Transcribe only the part of the material below that begins at the line containing "Уральский молодежный оркестр" and ends at the line containing "Stop storing these foods in the fridge", with both kept and images left out.

DATA FOR THIS TASK:
=== Begin Enclosure ===

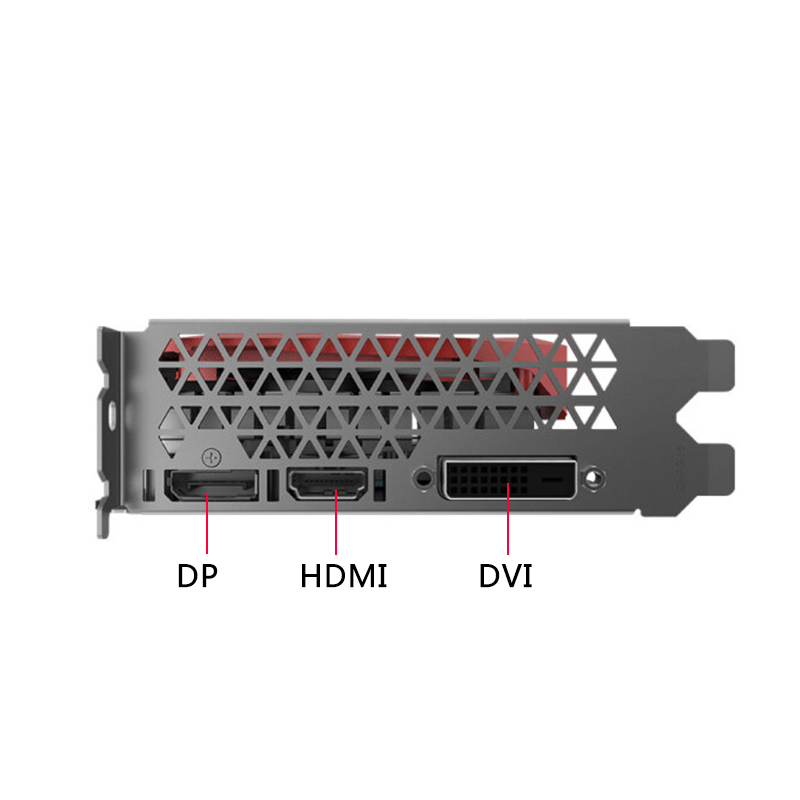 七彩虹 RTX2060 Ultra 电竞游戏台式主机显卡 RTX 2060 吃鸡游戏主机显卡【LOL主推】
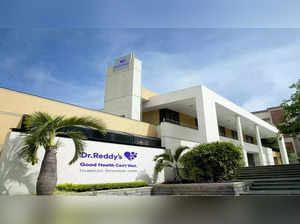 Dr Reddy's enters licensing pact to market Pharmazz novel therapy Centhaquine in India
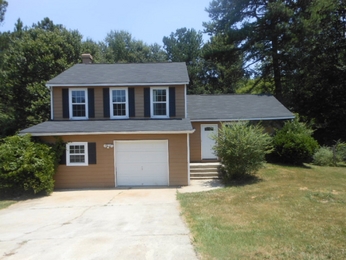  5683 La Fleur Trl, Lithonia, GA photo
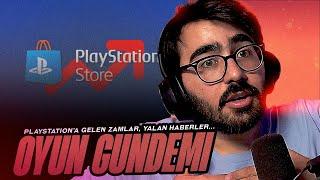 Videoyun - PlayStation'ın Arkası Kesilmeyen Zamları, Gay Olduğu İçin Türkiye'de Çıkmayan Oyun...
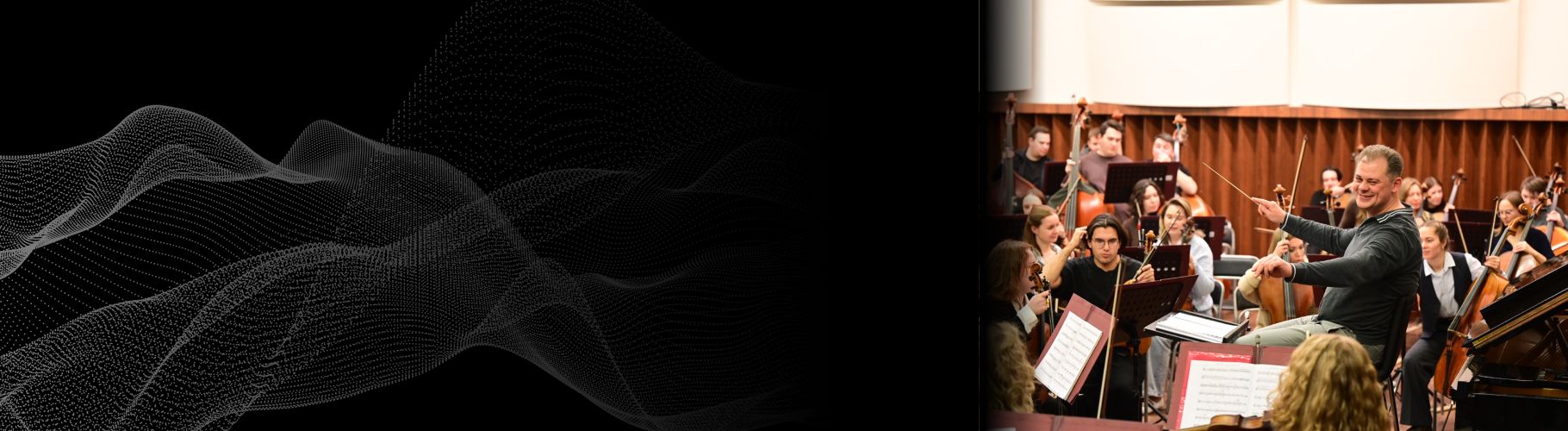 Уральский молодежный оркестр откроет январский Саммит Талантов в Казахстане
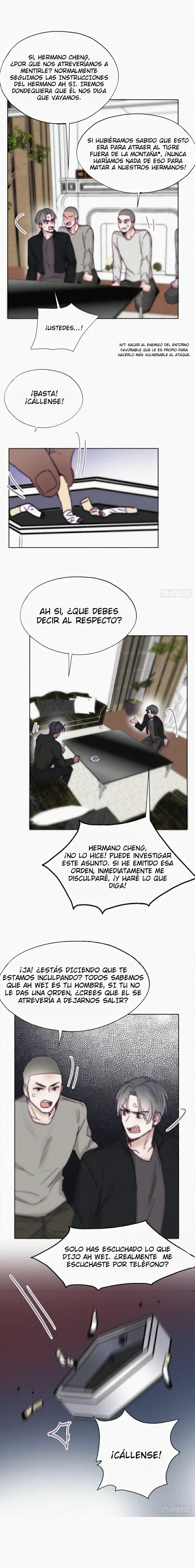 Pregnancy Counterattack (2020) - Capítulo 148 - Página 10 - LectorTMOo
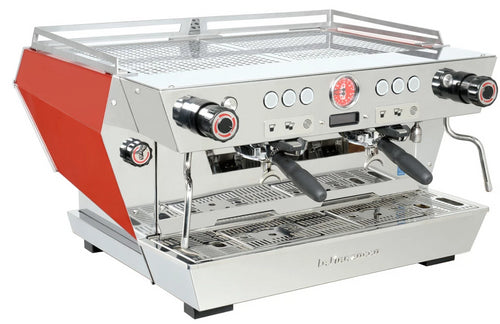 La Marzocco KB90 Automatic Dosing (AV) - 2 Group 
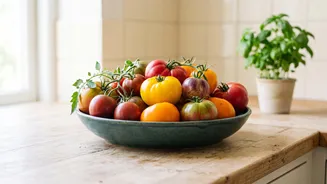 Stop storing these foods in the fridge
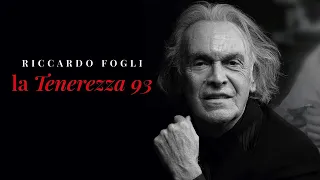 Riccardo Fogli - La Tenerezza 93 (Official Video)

=== End Enclosure ===
=== Begin Enclosure ===

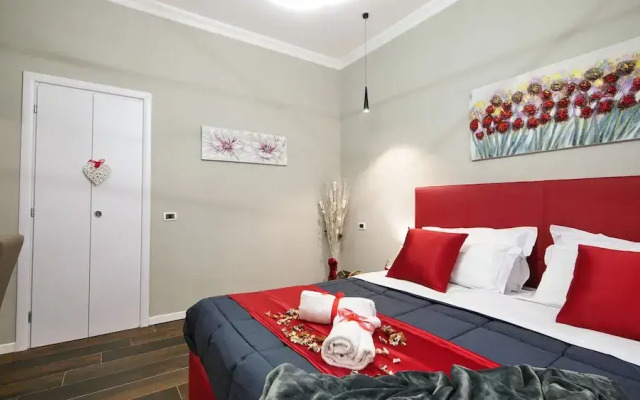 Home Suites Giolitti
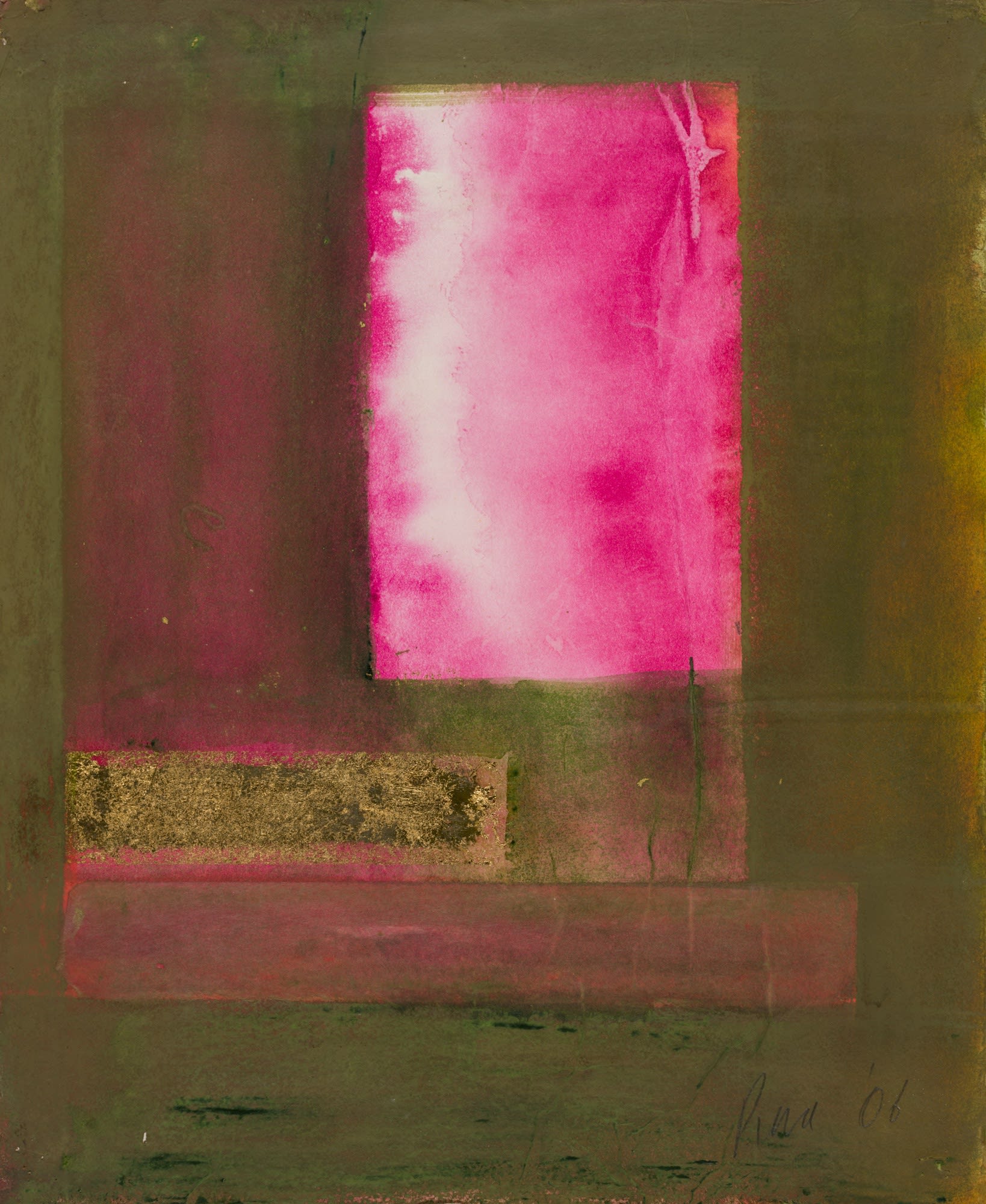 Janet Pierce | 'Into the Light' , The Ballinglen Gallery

=== End Enclosure ===

RESPONSE FOR THIS EXERCISE:
 Уральский молодежный оркестр откроет январский Саммит Талантов в Казахстане
 Pregnancy Counterattack (2020) - Capítulo 148 - Página 10 - LectorTMOo
 La Marzocco KB90 Automatic Dosing (AV) - 2 Group 
 Stop storing these foods in the fridge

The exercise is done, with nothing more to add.